Era stato lo stesso Minniti ad annunciare nei giorni scorsi l’intenzione di recarsi nel paese nordafricano per discutere con il premier Serraj come fare per mettere fine alle partenze dei barconi. «Dalla Libia arriva il 95% dei migranti ed è chiaro che il fenomeno va affrontato lì» aveva detto. Nessuno però si sarebbe immaginato che si sarebbe arrivati a rispolverare un accordo che aveva avuto come unico risultato quello di deviare quanti fuggono da guerre e miserie verso nuove rotte. Ora l’Italia sembra decisa a riprovarci. In particolare si chiede a Tripoli non solo di impedire ai barconi di prendere il mare, ma soprattutto di intensificare i controlli alle frontiere sud del paese impedendo gli ingressi dal Niger, paese che oggi rappresenta un vero crocevia per le centinaia di migliaia di disperati che cercano di raggiungere l’Europa Per questo, come era stato promesso a Gheddafi, l’Italia sarebbe pronta a fornire un sistema radar.

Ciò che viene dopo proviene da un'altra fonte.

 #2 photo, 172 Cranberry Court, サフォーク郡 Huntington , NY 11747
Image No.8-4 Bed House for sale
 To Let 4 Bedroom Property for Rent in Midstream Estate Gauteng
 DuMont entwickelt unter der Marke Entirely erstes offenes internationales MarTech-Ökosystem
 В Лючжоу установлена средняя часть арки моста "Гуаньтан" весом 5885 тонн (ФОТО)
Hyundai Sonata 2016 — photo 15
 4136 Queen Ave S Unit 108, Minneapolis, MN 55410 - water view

Resta da vedere se il piano potrà attuarsi. Al momento Serraj controlla infatti solo una parte della Tripolitania e difficilmente sarà in grado di garantire l’impermeabilità del confini meridionali del paese. Si sta avviando invece verso la fine l’addestramento della Guardia costiera libica da parte della missione europea Sophia. Conclusa la prima fase, che prevedeva l’addrestramento in mare di 78 ufficiali e sottufficiali libici, sta per avviarsi la seconda all’interno di basi situate in Italia, Grecia e Malta. Per arrivare entro primavera alla fase finale che consiste nella formazione dei libici a bordo delle navi che con le quali dovranno operare: otto motovedette già destinate nel 2011 dall’Itaia alla Libia e fermate dalla rivolta contro Gheddafi. Si tratta di pattugliatori italiani che sono stati adattati alle nuove esigenze e che l’Italia consegnerà nelle prossime settimane.

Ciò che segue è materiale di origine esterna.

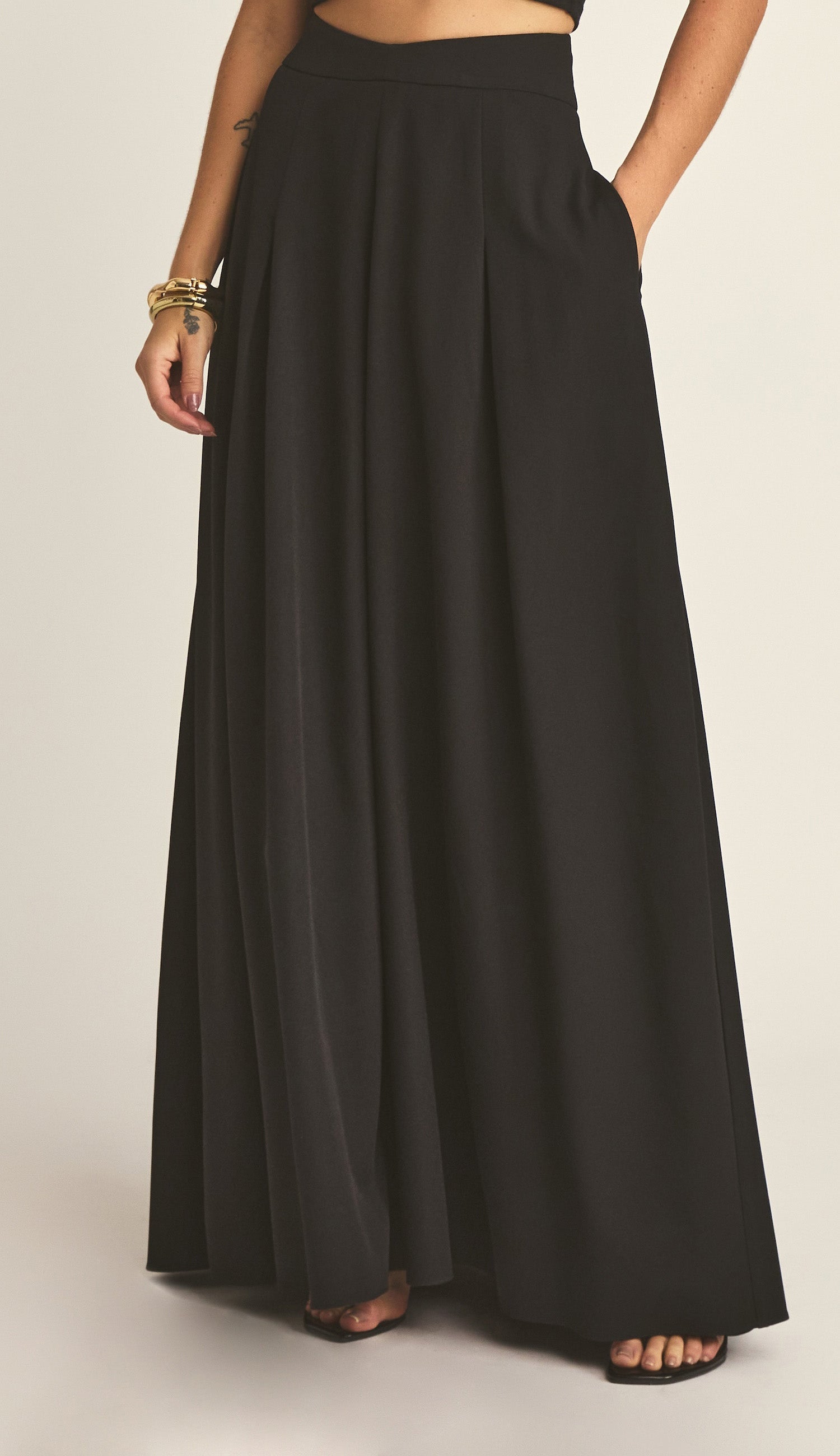 Saia Cristiana Preto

Il Mediterraneo del resto sarà al centro delle azioni politiche e militari dei prossimi mesi. «E’ giunto il momento di imprimere una svolta alla missione europea contro gli scafisti», ha detto domenica la ministra della Difesa Roberta Pinotti. «E’ venuto il momento di passare a una fase due in Libia, sostenere la Guardia marina libica perché ci siano controlli in acque africane. Dobbiamo riuscire a farlo in acque libiche». Un annuncio a dir poco frettoloso. Il passaggio della missione europea dal controllo delle acque internazionali davanti alla Libia (che ha permesso fino a oggi il salvataggio di migliaia di migranti) alla cosiddetta fase «2Bravo» che prevede l’ingresso nelle acque territoriali libiche servono infatti una richiesta da parte del governo di Tripoli e una risoluzione dell’Onu che autorizzi l’intervento. Condizioni senza le quali ogni cosa è considerata come un atto di guerra. Che tutto questo avvenga in tempi relativamente brevi è però tutt’altro che scontato. A causa delle resistenze russe sono serviti mesi perché il Consiglio di sicurezza arrivasse ad approvare una risoluzione che autorizzasse la prima fase della missione europea.

Difficile quindi che un intervento ancora più a ridosso delle coste libiche, con tutti i rischi che potrebbe comportare, riuscirà ad avere il via libera in tempi rapidi. Anche se, contrariamente al passato, quest’anno l’Italia fa parte del Consiglio di sicurezza come membro non permanente. Non a caso ieri il ministro degli Esteri Angelino Alfano, che oggi parteciperà a New York proprio a una riunione del Consiglio di sicurezza, ha ricordato come «nel Mediterraneo si giocano i destini del mondo». Obiettivo è sempre lo stesso: esternalizzare le frontiere europee, mettendo così fine agli sbarchi. «Come si sono spesi soldi per l’accordo con la Turchia per fermare i migranti – ha detto Alfano – occorre mettere a disposizione parecchi soldi europei per fermare le partenze mettendosi d’accordo con i paesi africani di origine e di transito».